# Flim-Flam



## goldsilverpro (Jan 26, 2010)

Since this article is posted in many places on the internet, I'm sure many of you have read it. In fact, it may have already been posted on this forum and I just didn't notice it. I just discovered it this morning. We all have heard about the 400 oz gold plated tungsten bars that have turned up in several banks and storage facilities around the world. This article is the best I've seen to explain all this. I think it may possibly all be true. It has a ring of truth about it and it certainly seems to make things fall into place and make sense of all this mess. However, I admit that I can occasionally be gullible when it comes to conspiracies.

I first read it here:
http://www.daily.pk/fake-gold-bars-in-bank-of-england-and-fort-knox-14477/

I didn't read this one thoroughly, but I think it's the same. I added it because of the photos, the better organization, and because it seems that this is where the article originated:
http://www.viewzone.com/fakegold.html

The author is Dan Eden.
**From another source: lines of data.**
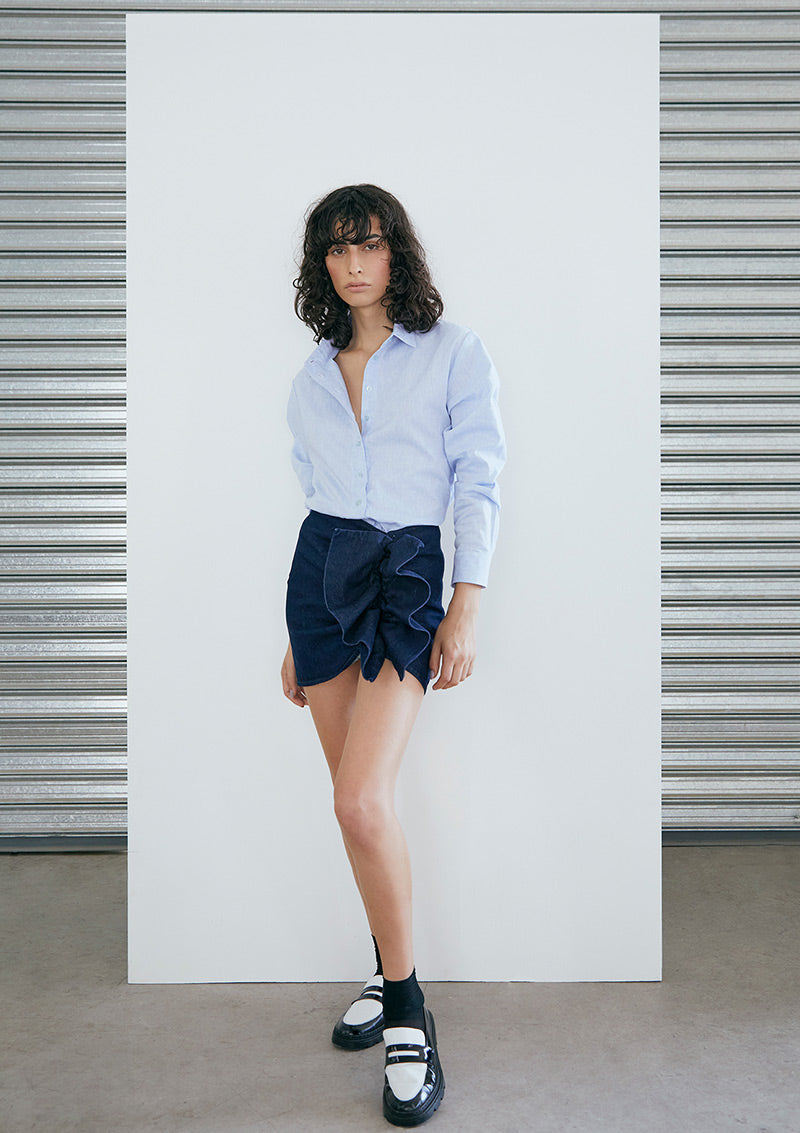 Vito Dark Denim Skirt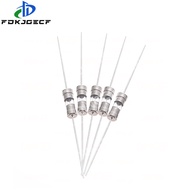 100PCS 3.6x10mm Glass Fuse with Leads Axial Leaded Fuse Tube for PCB Circuit Board Electronics Prote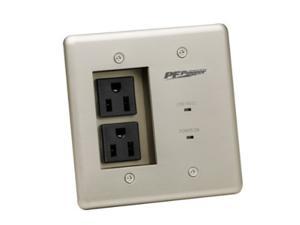 Panamax MIW-POWER-PRO-PFP Power Outlet Faceplate - Silver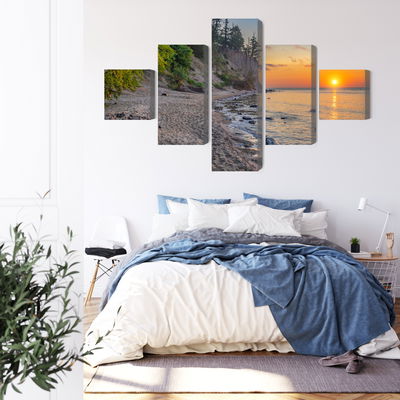 Ljuddämpande tavla - Sunset on the baltic sea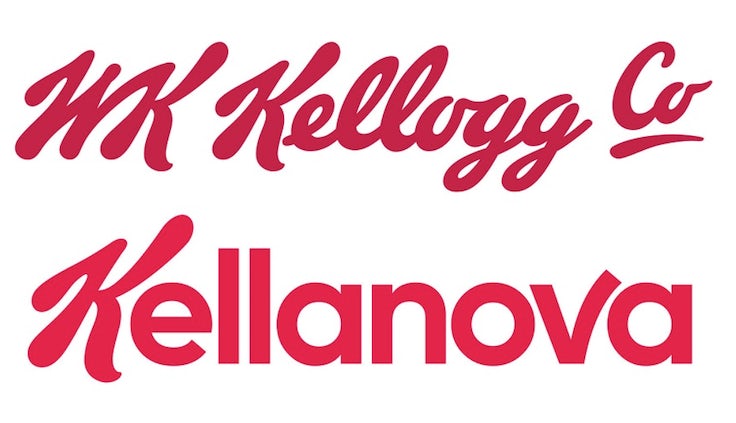 The logos for WK Kellogg Co and Kellanova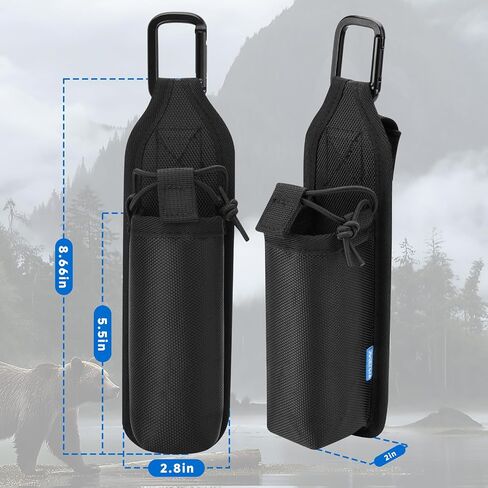Xxerciz Spray Holster Compatible with Frontiersman 7.9oz Canisters, Portable Nylon Pouch Holder with Metal Carabiner and Belt Loop for Hunting, Camping in Kuwait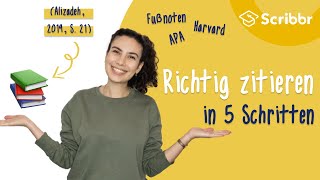 Richtig zitieren in 5 Schritten  Scribbr 🎓 [upl. by Odrareg]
I don't know of him but I'll try to research his credentials


----------



## Irons (Jan 26, 2010)

One comment from the article:

"Sir, There is a non-destructive means to test bullion for inclusions. As a Machine Shop Inspector for the Boeing Company I used an eddy current instrument to check plating thickness of finished machined parts. Its transducer puts out a signal which bounces off the substrate, telling the Inspector how much distance from the probe on the surface to the substrate (plating thickness). This instrument was calibrated in thousandths of an inch, but there are machines in industry which can read in a scale that would be useful for thicker (1/8 inch) platings as mentioned in the article.

An Inspector would need 5 to 10 minutes per bar to inspect and document. A certain minimum number of readings covering all surfaces would be made. As this is not new technology, I imagine that Fort Knox has already done so, and not told us. ...or they already know if indeed they are the perpetrators.

Paul Mill "


----------



## AKDan (Jan 26, 2010)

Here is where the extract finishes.